FSR Performance on Radeon and GeForce
Putting AMD's performance claims further under the spotlight, we ran a 100-second benchmark section that's indicative of real-world gameplay.
Performance is actually pretty good with a Radeon RX 6800 16GB running native QHD rendering with no FSR active. Most will be happy with the 93fps average and 71fps 99th percentile figure.
Yet the emergence of high-framerate QHD monitors means there's merit in being able to push the framerate even higher for that smooth-as-silk feeling. FSR's four modes do what we expect, providing up to 74 per cent more performance than native.
These framerate-boosting technologies - DLSS and FSR - make most sense when the GPU feels the pain inflicted by resolution and image quality. Ramping up to 4K shows that native rendering at our chosen Epic preset isn't great for buttery-smooth gameplay. It's here that stepping up to the highest-quality FSR level provides immediate and useful benefits.
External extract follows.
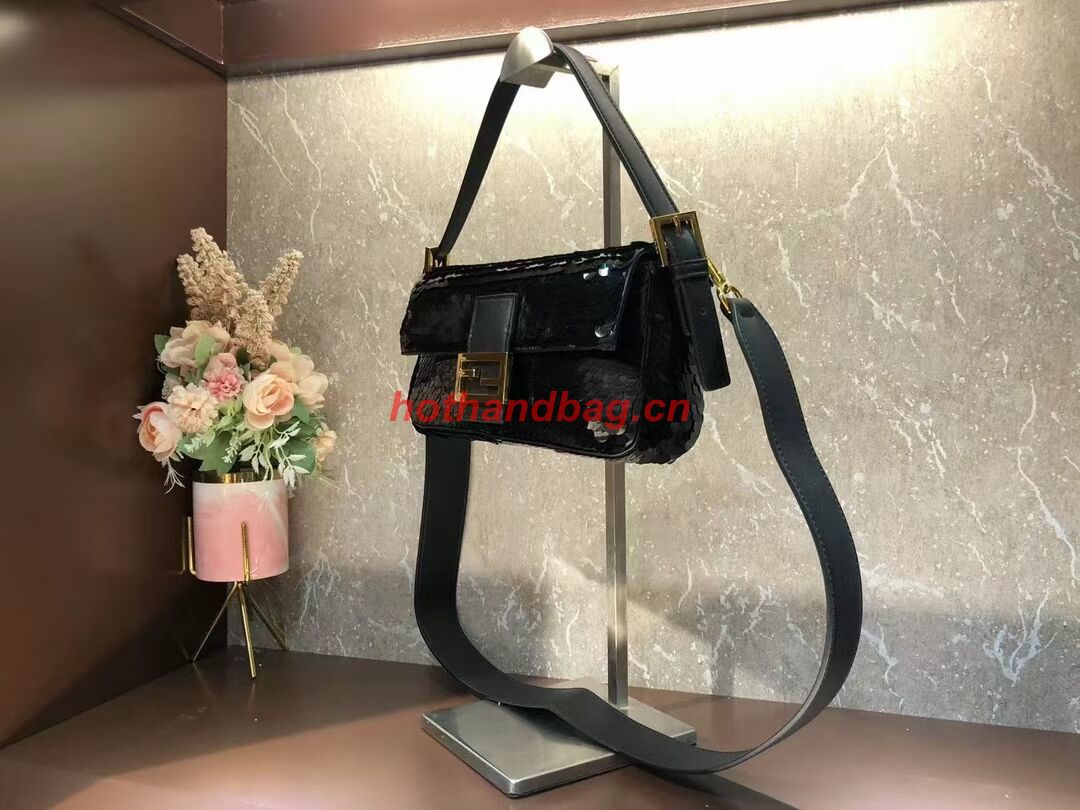 Fendi Baguette sequin and leather bag 8BR600 black Fendi Baguette sequin and leather bag 8BR600 black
That first preset is almost 50 per cent quicker than native with little loss in IQ, but if you choose to go down the fastest path, rendering is 238 per cent faster.
As we noted previously, we'd go with FSR Ultra Quality or Quality - the second preset is enough to provide almost double the performance.
Part of FSR's appeal, AMD says, is that it works on far more cards than rival DLSS. We therefore installed an Nvidia GeForce GTX 1060 6GB and ran at the same settings as shown on the first graph on this page.
The older, much slower card accrues less benefit from FSR. It is debatable whether the loss in image fidelity from native to Quality is worth the extra 30 per cent average framerate.